_Activity_. The lines from the one containing "So as you can" through the last one in the data: please copy those exactly, and only those, without the pictures.

Extracted records
┌──

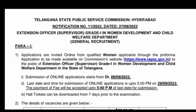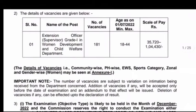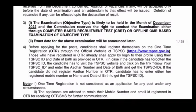The submission of online applications will start from the last date of September 29th. There are 181 posts available.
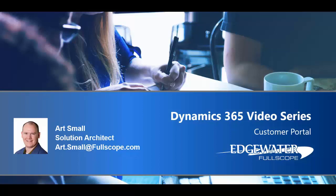Hello, my name is Art Small. I'm a solution architect at Edgewater Fullscope, and today we will be presenting on the topic for Dynamics 365 video series around the customer portals.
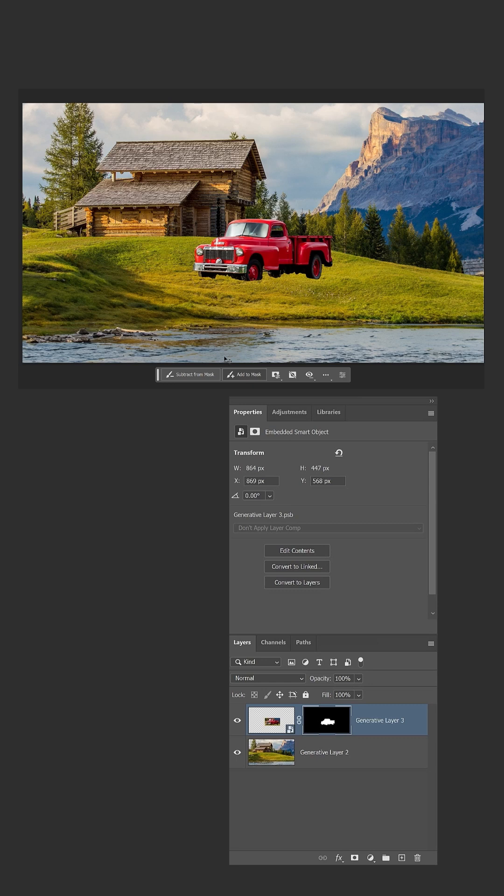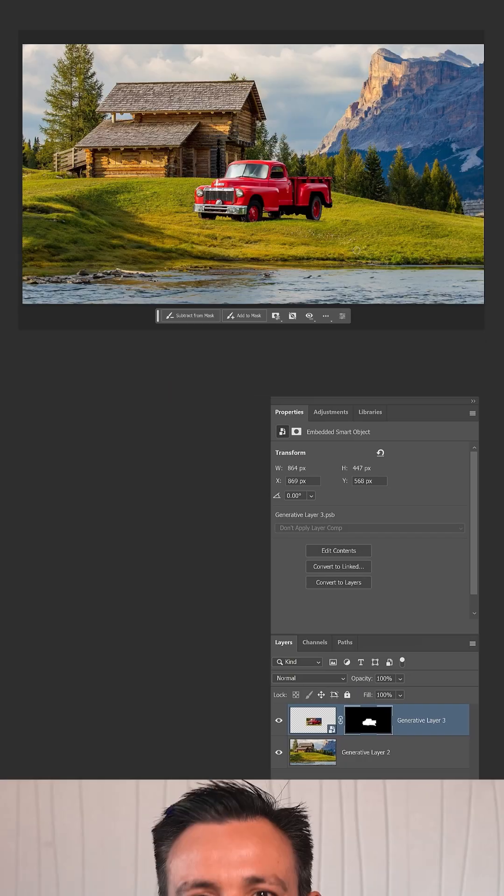To do so, enable the Brush Tool and paint with white on the Layer Mask to reveal the grass and shadows below the truck. My name is Jesus Ramirez. Thank you so much for watching.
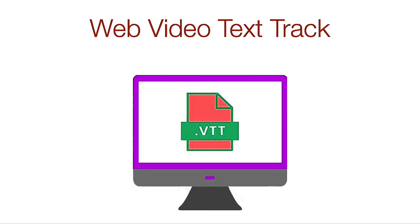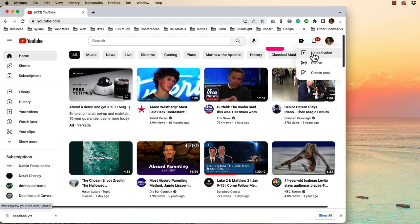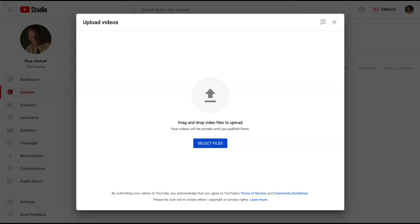Creating a VTT caption file to use with an HTML5 video tag is really easy. First, you upload the video you've created to YouTube and wait for them to transcribe it. This may take a day or two.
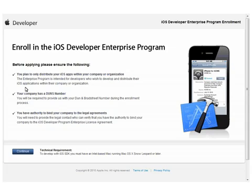The standard developer program is only used to create applications for the public app store, and cannot be used to create an APNS certificate. Apple also needs to verify that you have the authority to bind your company to the necessary license agreements. They will reach out to the legal contact you specify later to verify. Click continue once you are done reviewing these items.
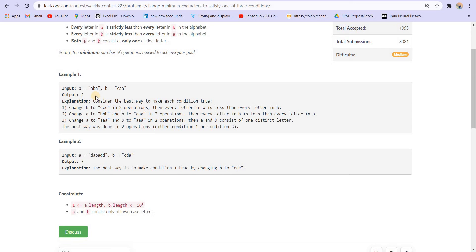To satisfy the second condition, we can change both A's in B into B and this C into A. That way, we get 'AAA' as string B and 'BBB' as string A, and each character of string B will be less than each character of string A. We require three operations: changing one C into A and two A's into B. The third condition is satisfied by changing B into A and C into A — two operations total. So the minimum number of operations is two.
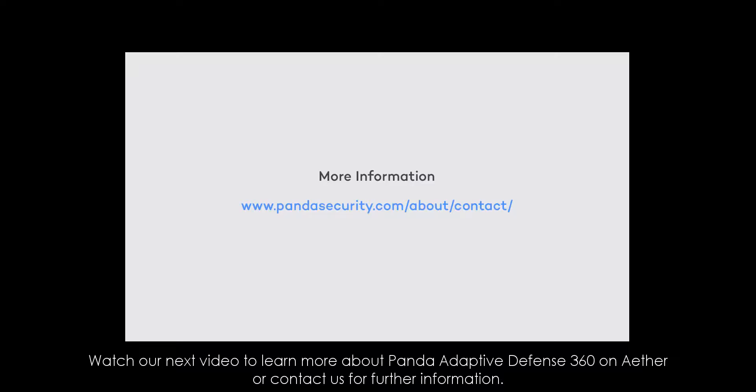Watch our next video to learn more about Panda Adaptive Defense 360 on Ether or contact us for further information.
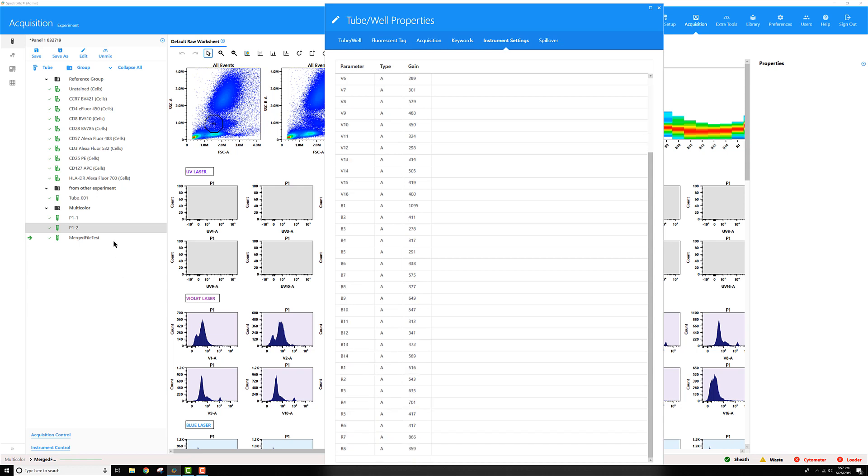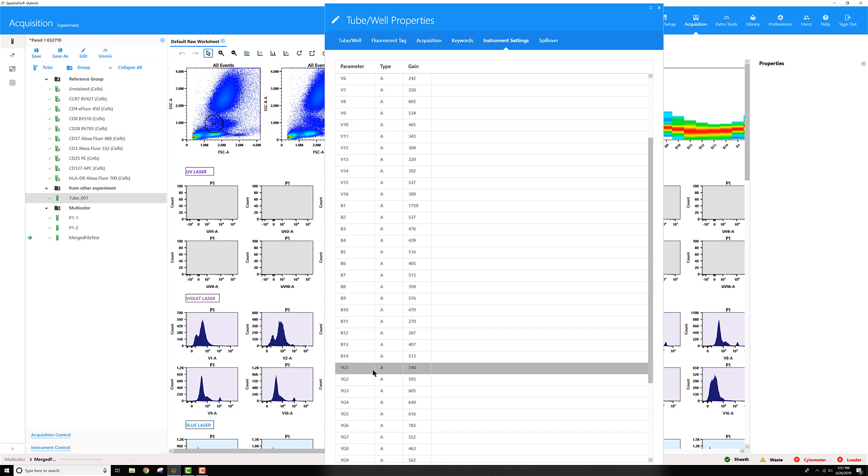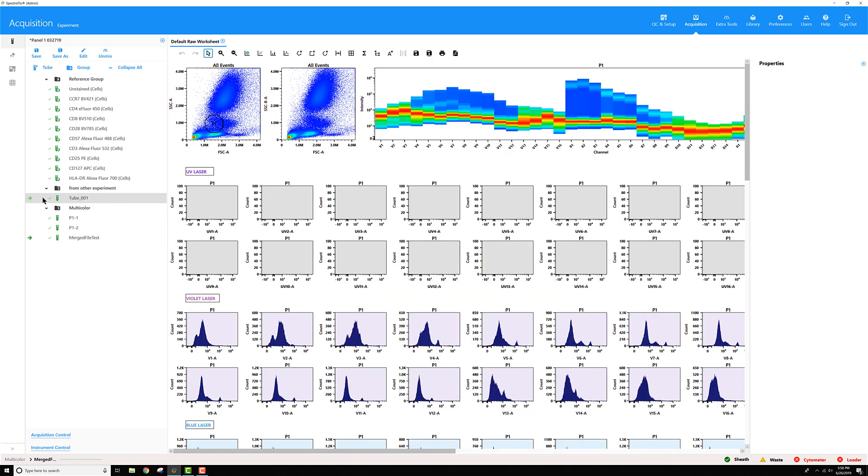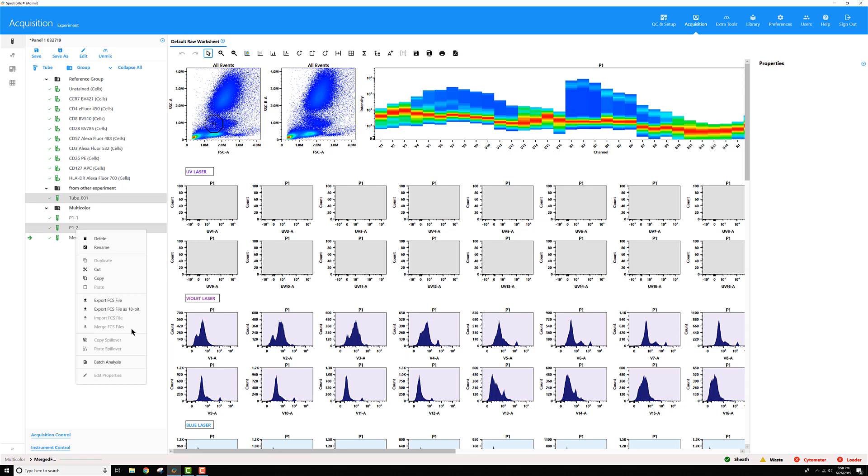However, if I look at this other tube that I imported from a different experiment that was run on a completely different system, you can see this one has an entirely different laser that the previous file didn't have. So if I wanted to merge together this tube 001 with my other P1 tube, I could try to select them. But when I right-click, the merge FCS files menu is disabled because they don't have the same parameters.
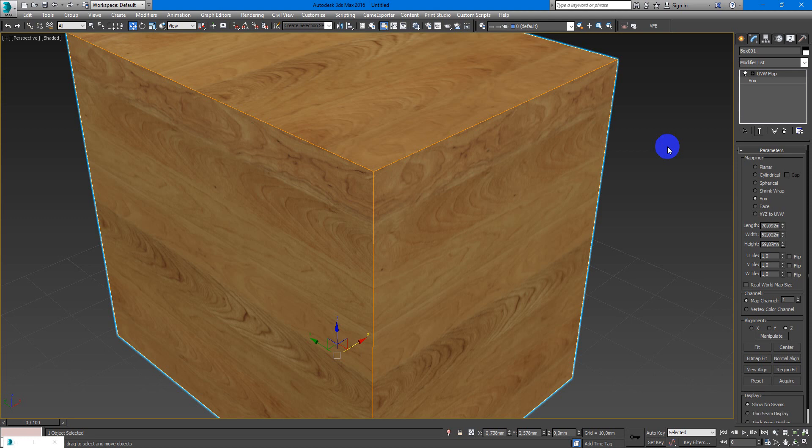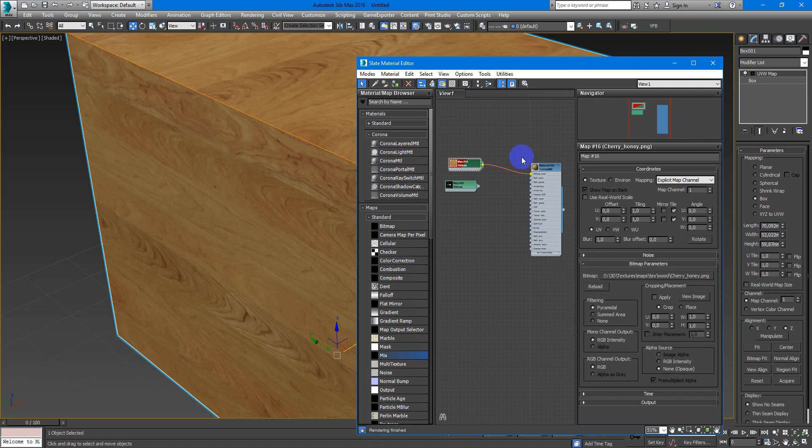So as you can see here we have settings and now we have first UV map channel. It applied on our wood texture and for some reasons we want to add another layer. Maybe it will be dirt.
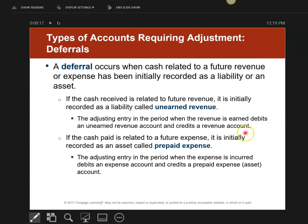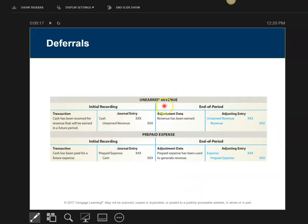I'll show you an example in a minute. The second type of deferral is called prepaid expenses, and there are actually two that fit this category. For unearned revenue, the journal entry will always be: debit unearned revenue, credit revenue. Always, never change.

└──

_Task solution_.
So as you can see here we have settings and now we have first UV map channel. It applied on our wood texture and for some reasons we want to add another layer. Maybe it will be dirt.
I'll show you an example in a minute. The second type of deferral is called prepaid expenses, and there are actually two that fit this category. For unearned revenue, the journal entry will always be: debit unearned revenue, credit revenue. Always, never change.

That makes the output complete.